> **WHAT THIS TASK INVOLVES**
Each line of the data must be set down again without a single difference.

____ SOURCE INFORMATION

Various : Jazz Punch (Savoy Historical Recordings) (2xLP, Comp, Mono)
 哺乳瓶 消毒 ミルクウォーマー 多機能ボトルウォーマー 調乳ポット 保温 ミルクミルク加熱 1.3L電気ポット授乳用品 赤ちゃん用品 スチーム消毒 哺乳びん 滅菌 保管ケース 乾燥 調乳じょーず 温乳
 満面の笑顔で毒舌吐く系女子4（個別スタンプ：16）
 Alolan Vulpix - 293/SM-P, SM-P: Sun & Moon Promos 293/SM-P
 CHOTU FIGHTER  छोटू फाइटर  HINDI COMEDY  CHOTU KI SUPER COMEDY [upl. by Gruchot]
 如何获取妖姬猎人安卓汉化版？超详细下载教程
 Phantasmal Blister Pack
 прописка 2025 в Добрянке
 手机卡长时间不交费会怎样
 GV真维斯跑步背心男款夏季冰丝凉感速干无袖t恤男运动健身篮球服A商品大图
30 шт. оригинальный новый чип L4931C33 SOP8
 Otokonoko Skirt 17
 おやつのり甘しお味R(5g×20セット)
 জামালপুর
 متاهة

________

> **SOLUTION FOR THIS TASK**
Various : Jazz Punch (Savoy Historical Recordings) (2xLP, Comp, Mono)
 哺乳瓶 消毒 ミルクウォーマー 多機能ボトルウォーマー 調乳ポット 保温 ミルクミルク加熱 1.3L電気ポット授乳用品 赤ちゃん用品 スチーム消毒 哺乳びん 滅菌 保管ケース 乾燥 調乳じょーず 温乳
 満面の笑顔で毒舌吐く系女子4（個別スタンプ：16）
 Alolan Vulpix - 293/SM-P, SM-P: Sun & Moon Promos 293/SM-P
 CHOTU FIGHTER  छोटू फाइटर  HINDI COMEDY  CHOTU KI SUPER COMEDY [upl. by Gruchot]
 如何获取妖姬猎人安卓汉化版？超详细下载教程
 Phantasmal Blister Pack
 прописка 2025 в Добрянке
 手机卡长时间不交费会怎样
 GV真维斯跑步背心男款夏季冰丝凉感速干无袖t恤男运动健身篮球服A商品大图
30 шт. оригинальный новый чип L4931C33 SOP8
 Otokonoko Skirt 17
 おやつのり甘しお味R(5g×20セット)
 জামালপুর
 متاهة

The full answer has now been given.